- DATASET SECTION
++++++++

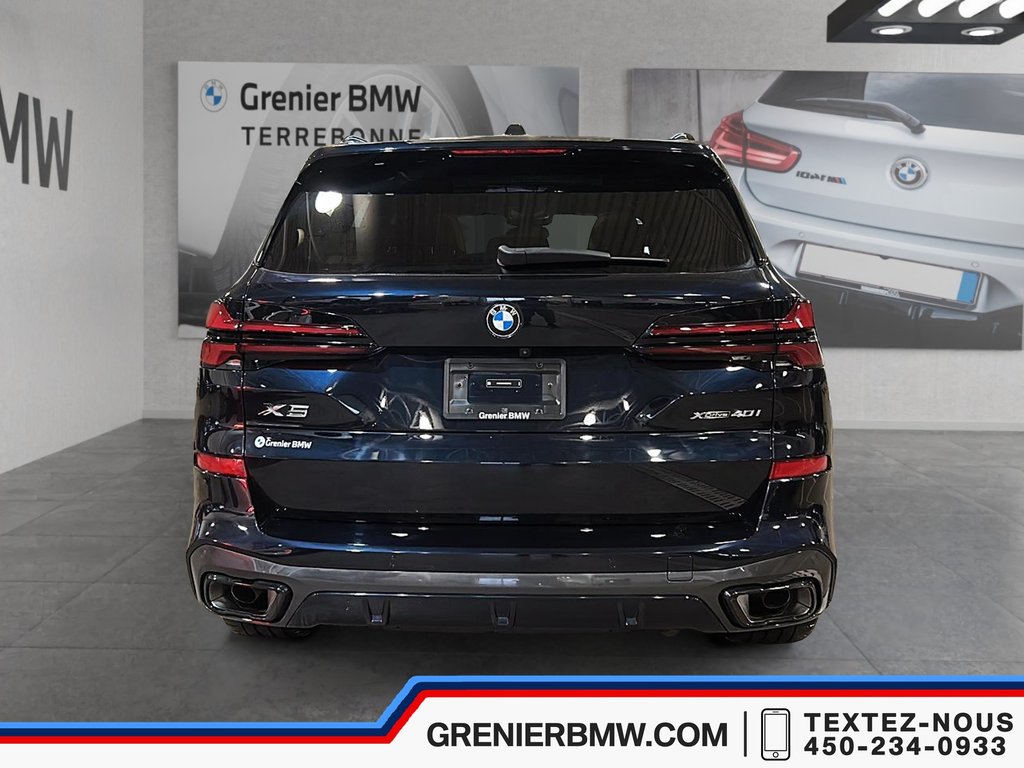 BMW X5 XDrive40i, M Sport Pro Package, Premium Enhanced 2024 à Terrebonne, Québec - 5 - w1024h768px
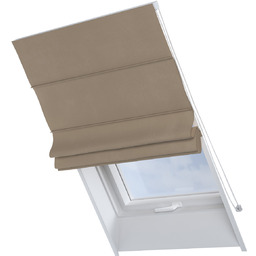 Roleta na okno dachowe Rimini, kaszmirowy, Crema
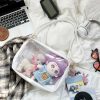 Kawaii Square Display Crossbody Bag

++++++++

- TASK OBJECTIVE
Omit the pictures. Repeat the rest of the data exactly.

- ANSWER BOX
 BMW X5 XDrive40i, M Sport Pro Package, Premium Enhanced 2024 à Terrebonne, Québec - 5 - w1024h768px
 Roleta na okno dachowe Rimini, kaszmirowy, Crema
 Kawaii Square Display Crossbody Bag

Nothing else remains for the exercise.